A inflação dos alimentos, os elevados custos de energia e a busca dos consumidores por alternativas mais acessíveis continuam limitando a recuperação do mercado.
Estoques elevados devem pressionar preços
Mesmo com a redução da produção, a demanda mais fraca deverá permitir novo aumento dos estoques globais de suco de laranja.
As projeções indicam que os estoques finais poderão alcançar cerca de 490 mil toneladas em equivalente FCOJ ao final da safra 2026/27, o maior nível dos últimos sete anos.
Esse cenário dificulta uma recuperação sustentável dos preços internacionais e aumenta a pressão sobre toda a cadeia produtiva.

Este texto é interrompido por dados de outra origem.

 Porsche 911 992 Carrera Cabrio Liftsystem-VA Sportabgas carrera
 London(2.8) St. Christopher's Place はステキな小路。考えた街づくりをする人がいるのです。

Em São Paulo, os preços da laranja já refletem esse ambiente de mercado. As negociações no mercado spot estão abaixo de R$ 30 por caixa, patamar muito distante dos valores superiores a R$ 100 registrados durante 2024.
Para muitos produtores, os preços atuais já operam abaixo dos custos de produção.
Perspectiva preocupa citricultores e indústria
A combinação entre produção menor, consumo em retração e estoques elevados desenha um cenário de margens apertadas para a citricultura mundial.
Segundo a Rabobank, caso os preços permaneçam deprimidos por um período prolongado, poderá haver desaceleração nos investimentos, adiamento de projetos de expansão e até redução de áreas cultivadas em algumas regiões produtoras.
Além disso, a menor rentabilidade pode comprometer os investimentos necessários para o controle do greening, ampliando os riscos para a sustentabilidade da produção brasileira no longo prazo.
Diante desse contexto, a safra 2026/27 deverá ser marcada por desafios significativos para produtores, indústrias processadoras e exportadores, exigindo eficiência operacional, gestão de custos e avanços no combate às principais ameaças fitossanitárias da citricultura nacional.